‘Lembaga Perlindungan Saksi Sebaiknya Diserahkan ke Kepolisian'
Berita

‘Lembaga Perlindungan Saksi Sebaiknya Diserahkan ke Kepolisian'

Akan membebani keuangan negara jika khusus dibentuk lembaga perlindungan saksi

CR-2
Bacaan 2 Menit
‘Lembaga Perlindungan Saksi Sebaiknya Diserahkan ke Kepolisian'
Hukumonline

 

Perlu disampaikan, RUU Perlindungan Saksi telah dijadikan usul inisiatif oleh anggota DPR. Sebanyak 24 anggota Komisi III DPR telah menandatangani surat pengajuan RUU Perlindungan Saksi dan Korban pada Sidang Paripurna DPR 19 Mei 2005.

 

Mengenai perlindungan saksi, RUU versi DPR tersebut menegaskan bahwa hal tersebut dilakukan oleh Lembaga Perlindungan Saksi dan Korban yang merupakan lembaga mandiri yang bertanggungjawab menangani pemberian perlindungan dan bantuan kepada saksi dan korban. Anggota lembaga ini terdiri dari unsur Komnas HAM, Kepolisian, Kejaksaan, Departemen Hukum dan HAM, akademisi, dan LSM. Sedangkan pembiayaan lembaga ini dibebankan kepada negara.

 

Sementara RUU Perlindungan Saksi versi Koalisi Perlindungan Saksi menilai sebaiknya masalah perlindungan diserahkan pada kepolisian. Selain untuk meringankan beban anggaran negara, juga mempercepat reformasi di tubuh kepolisian.

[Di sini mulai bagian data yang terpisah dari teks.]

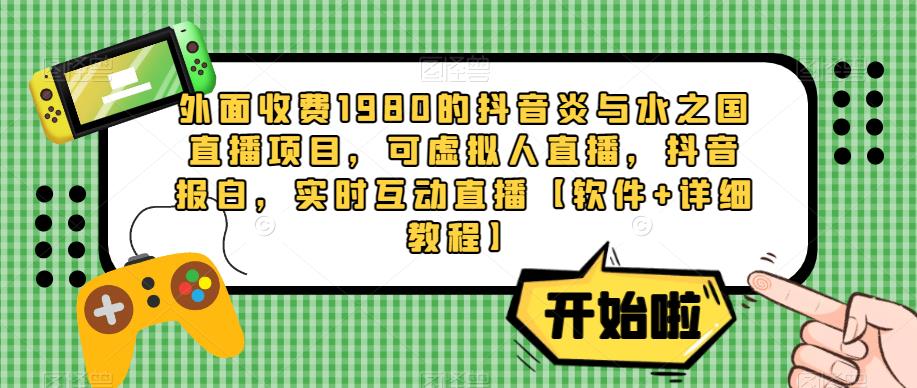外面收费1980的抖音炎与水之国直播项目，可虚拟人直播，抖音报白，实时互动直播【软件+详细教程】-晟哥学社资源库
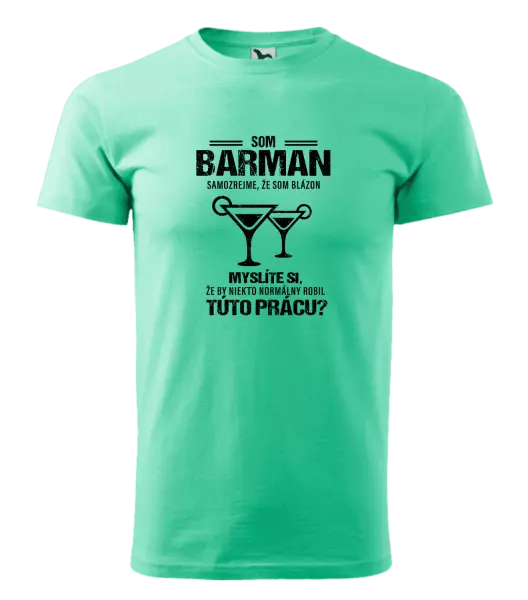 Pánske tričko Samozrejme, že som blázon - barman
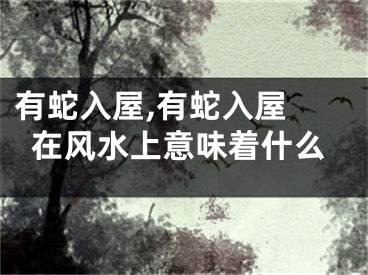 有蛇入屋,有蛇入屋 在风水上意味着什么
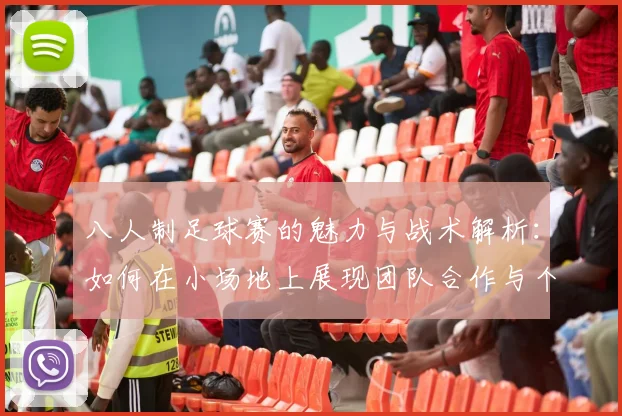 八人制足球赛的魅力与战术解析:如何在小场地上展现团队合作与个人技巧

Demikian disampaikan R. Husna Mulya Koordinator Divisi Reformasi Hukum dan Kebijakan Komnas Perempuan dalam workshop bertema Mengintegrasikan Perspektif Gender dalam RUU Perlindungan Saksi yang diadakan di Gedung Komnas Perempuan (8/8).

 

Pemantauan perlindungan saksi lebih mudah melalui aparat. Selain itu, tugas untuk menjaga keamanan sudah ada di Kepolisian, sehingga hal ini bisa mencegah terjadi tumpang tindih tugas, kata Husna.

 

Ia menyatakan saat ini sudah banyak komisi dan lembaga yang dibentuk sebagai badan yang menjalankan perintah undang-undang. Namun kenyataannya banyak komisi itu tidak berjalan efektif. Padahal, biaya operasionalnya tidak sedikit. Oleh karena itu, untuk perlindungan saksi diusulkan agar memberdayakan lembaga swadaya masyarakat (LSM) yang sudah ada atau menyerahkannya ke Kepolisian RI.

 

Hal senada disampaikan Direktur LBH APIK Ratna Batara Munti. Menurut Ratna, saat ini LSM sudah cukup repot mengawasi aparat, sehingga tidak bisa mengawasi komisi yang melaksanakan amanat undang-undang. Sebaiknya perlindungan saksi diserahkan ke kepolisian saja, jadi kita sekaligus mengawasi aparat, ujar Ratna.

 

Sementara Franky Tan dari FSPSI Reformasi menilai untuk 10 tahun pertama sebaiknya perlindungan saksi tetap dipegang oleh LSM. Setelah 10 tahun baru diserahkan seluruhnya ke Kepolisian RI. Tapi, lanjut Franky, untuk kasus yang besar seperti korupsi atau pencucian uang, LSM tidak mampu melindungi saksi karena pasti dibutuhkan rumah aman (safe house) yang benar-benar bisa melindungi saksi.